Initialization of SparklySession when SparkContext is already exists
I have an issue with initialization of SparklySession instance.
The problem is that, by the time I want to create SparklySession instance SparkContext is already initialized by other service and just calling SparklySession constructor fails on the line spark_context = SparkContext() (due to trying create multiple SparkContext's).
To give more context on the issue here is the link https://docs.databricks.com/user-guide/jobs.html#use-the-shared-sparkcontext
Is there any advices on how to address this issue? I would like to be able using features of SparklySession along with SparklyTest.
I would probably think about having SparkContext().getOrCreate() inside of SparklySession constructor. Or as an optional spark_context parameter which if defined, SparkContext do not have to be initialized.
hey @kosteev ! does it work for you to use SparkContext.get_or_create()?
https://github.com/tubular/sparkly/blob/master/sparkly/session.py#L50-L55 https://github.com/tubular/sparkly/blob/master/sparkly/session.py#L121
Of course, if the creation of SparkContext() is external to your control, we'd have to do something to support this case.
hey! How is it going?
This actually doesn't work in my case because context is initialized before with SparkSession class and SparklySession tries to initialize it again (SparklySession._instantiated_session == None).

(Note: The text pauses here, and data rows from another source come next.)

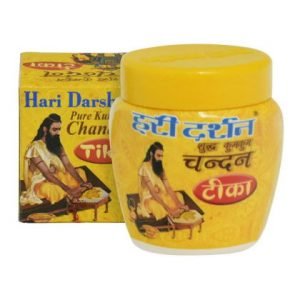 Hari Darshan Chandan Tika Yellow 40gm
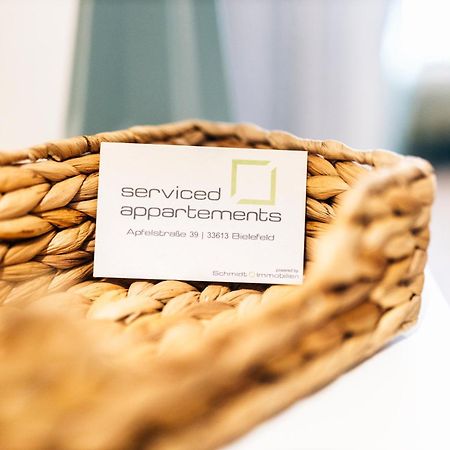 Stadt-Appartement Am Nordpark Bielefeld Exteriér fotografie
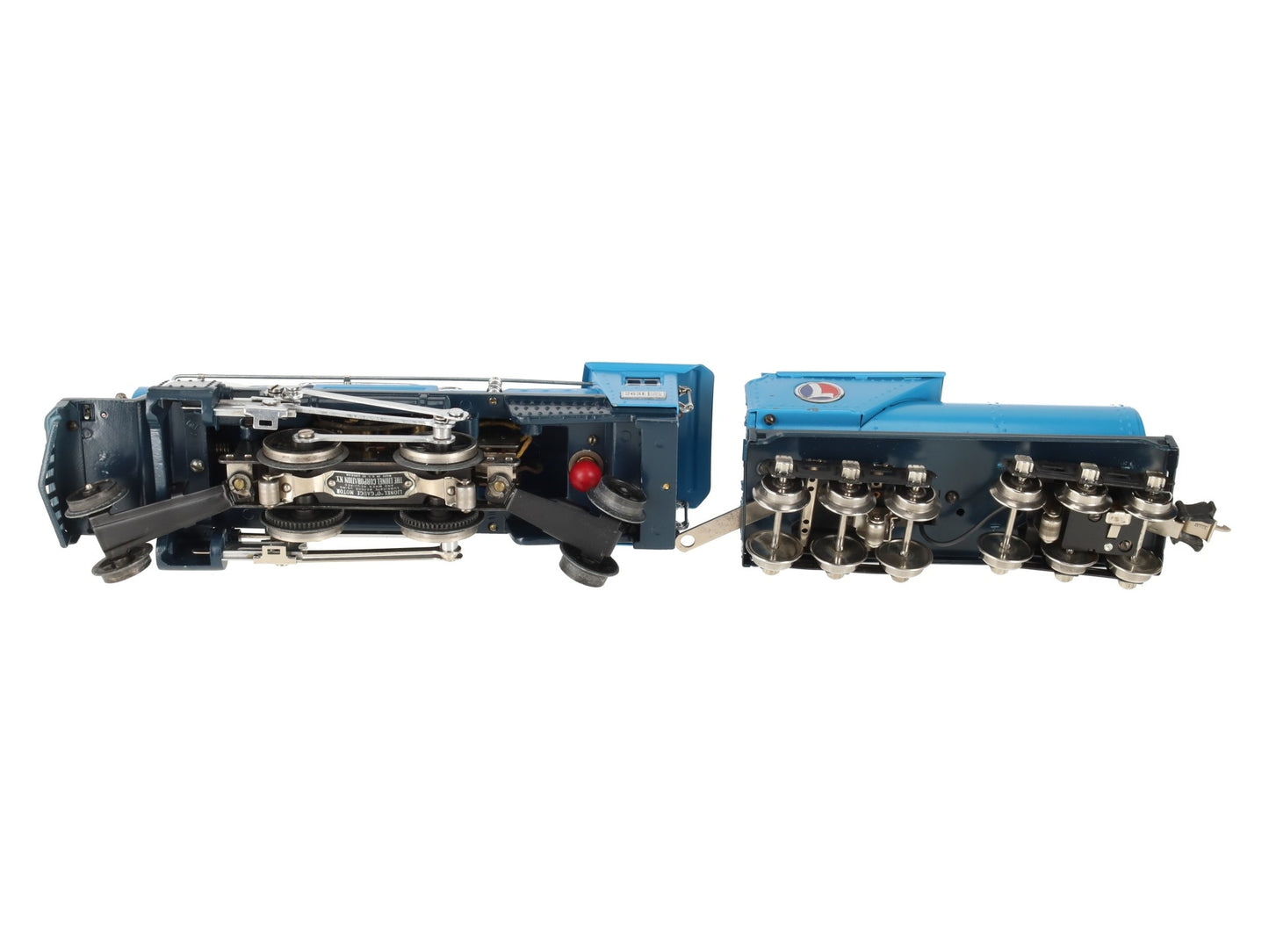 Lionel 263E Vintage O Tinplate Steam Locomotive w/ Tender - Restored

>>> from pyspark.sql import SparkSession >>> from pyspark import SparkContext >>> spark = SparkSession(SparkContext()) >>> from sparkly import SparklySession >>> SparklySession.get_or_create() Traceback (most recent call last): File "", line 1, in File "/usr/lib/python3.6/site-packages/sparkly/session.py", line 132, in get_or_create cls() File "/usr/lib/python3.6/site-packages/sparkly/session.py", line 108, in __init__ spark_context = SparkContext() File "/usr/lib/python3.6/site-packages/pyspark/context.py", line 115, in __init__ SparkContext._ensure_initialized(self, gateway=gateway, conf=conf) File "/usr/lib/python3.6/site-packages/pyspark/context.py", line 314, in _ensure_initialized callsite.function, callsite.file, callsite.linenum)) ValueError: Cannot run multiple SparkContexts at once; existing SparkContext(app=pyspark-shell, master=local[*]) created by __init__ at :1
Hi @kosteev! Sorry for the late reply.
As a temporary workaround, you can do the following when you are in development or test mode:
from sparkly import SparklySession
from sparkly.instant_testing import InstantTesting
InstantTesting.activate()
InstantTesting.set_context(sc) # where sc is your already initialized spark context
spark = SparklySession.get_or_create()
When it comes to a production setting, I think it's a little more complicated to allow a SparklySession to be initialized with a foreign SparkContext because then there's some ambiguity on how to handle conflicting options between SparklySession and the already initialized context - these could include config like spark.executor.memory that is set through SparklySession.options, packages that are made available to the cluster through SparklySession.packages, etc.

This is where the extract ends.